• _TASK DETAILS_: Give every line below again, exactly.
-.-.-
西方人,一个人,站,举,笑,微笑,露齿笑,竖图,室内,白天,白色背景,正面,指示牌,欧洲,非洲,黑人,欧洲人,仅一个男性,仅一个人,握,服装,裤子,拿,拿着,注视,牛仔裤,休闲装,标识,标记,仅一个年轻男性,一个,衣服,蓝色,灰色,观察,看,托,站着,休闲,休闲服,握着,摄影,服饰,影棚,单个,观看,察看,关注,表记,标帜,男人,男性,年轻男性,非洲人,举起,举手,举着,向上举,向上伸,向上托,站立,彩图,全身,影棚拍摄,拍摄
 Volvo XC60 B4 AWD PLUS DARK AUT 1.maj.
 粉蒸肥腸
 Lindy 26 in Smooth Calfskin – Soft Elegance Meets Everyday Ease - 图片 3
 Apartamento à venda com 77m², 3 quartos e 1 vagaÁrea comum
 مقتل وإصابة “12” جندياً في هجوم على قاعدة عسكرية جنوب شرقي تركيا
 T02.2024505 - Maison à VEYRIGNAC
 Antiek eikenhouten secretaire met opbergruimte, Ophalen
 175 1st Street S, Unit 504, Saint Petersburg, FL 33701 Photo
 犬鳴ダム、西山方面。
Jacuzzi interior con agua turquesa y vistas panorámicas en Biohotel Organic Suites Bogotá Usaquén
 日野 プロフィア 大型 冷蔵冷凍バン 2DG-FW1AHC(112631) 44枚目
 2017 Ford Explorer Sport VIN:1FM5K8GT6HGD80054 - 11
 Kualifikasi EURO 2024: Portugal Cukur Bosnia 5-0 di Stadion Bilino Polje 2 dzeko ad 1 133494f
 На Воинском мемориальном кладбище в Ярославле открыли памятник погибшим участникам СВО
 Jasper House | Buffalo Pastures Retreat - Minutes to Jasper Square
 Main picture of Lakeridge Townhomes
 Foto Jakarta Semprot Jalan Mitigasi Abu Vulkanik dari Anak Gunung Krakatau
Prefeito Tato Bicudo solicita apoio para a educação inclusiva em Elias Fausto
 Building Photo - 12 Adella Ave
-.-.-
• _ANSWER_:
西方人,一个人,站,举,笑,微笑,露齿笑,竖图,室内,白天,白色背景,正面,指示牌,欧洲,非洲,黑人,欧洲人,仅一个男性,仅一个人,握,服装,裤子,拿,拿着,注视,牛仔裤,休闲装,标识,标记,仅一个年轻男性,一个,衣服,蓝色,灰色,观察,看,托,站着,休闲,休闲服,握着,摄影,服饰,影棚,单个,观看,察看,关注,表记,标帜,男人,男性,年轻男性,非洲人,举起,举手,举着,向上举,向上伸,向上托,站立,彩图,全身,影棚拍摄,拍摄
 Volvo XC60 B4 AWD PLUS DARK AUT 1.maj.
 粉蒸肥腸
 Lindy 26 in Smooth Calfskin – Soft Elegance Meets Everyday Ease - 图片 3
 Apartamento à venda com 77m², 3 quartos e 1 vagaÁrea comum
 مقتل وإصابة “12” جندياً في هجوم على قاعدة عسكرية جنوب شرقي تركيا
 T02.2024505 - Maison à VEYRIGNAC
 Antiek eikenhouten secretaire met opbergruimte, Ophalen
 175 1st Street S, Unit 504, Saint Petersburg, FL 33701 Photo
 犬鳴ダム、西山方面。
Jacuzzi interior con agua turquesa y vistas panorámicas en Biohotel Organic Suites Bogotá Usaquén
 日野 プロフィア 大型 冷蔵冷凍バン 2DG-FW1AHC(112631) 44枚目
 2017 Ford Explorer Sport VIN:1FM5K8GT6HGD80054 - 11
 Kualifikasi EURO 2024: Portugal Cukur Bosnia 5-0 di Stadion Bilino Polje 2 dzeko ad 1 133494f
 На Воинском мемориальном кладбище в Ярославле открыли памятник погибшим участникам СВО
 Jasper House | Buffalo Pastures Retreat - Minutes to Jasper Square
 Main picture of Lakeridge Townhomes
 Foto Jakarta Semprot Jalan Mitigasi Abu Vulkanik dari Anak Gunung Krakatau
Prefeito Tato Bicudo solicita apoio para a educação inclusiva em Elias Fausto
 Building Photo - 12 Adella Ave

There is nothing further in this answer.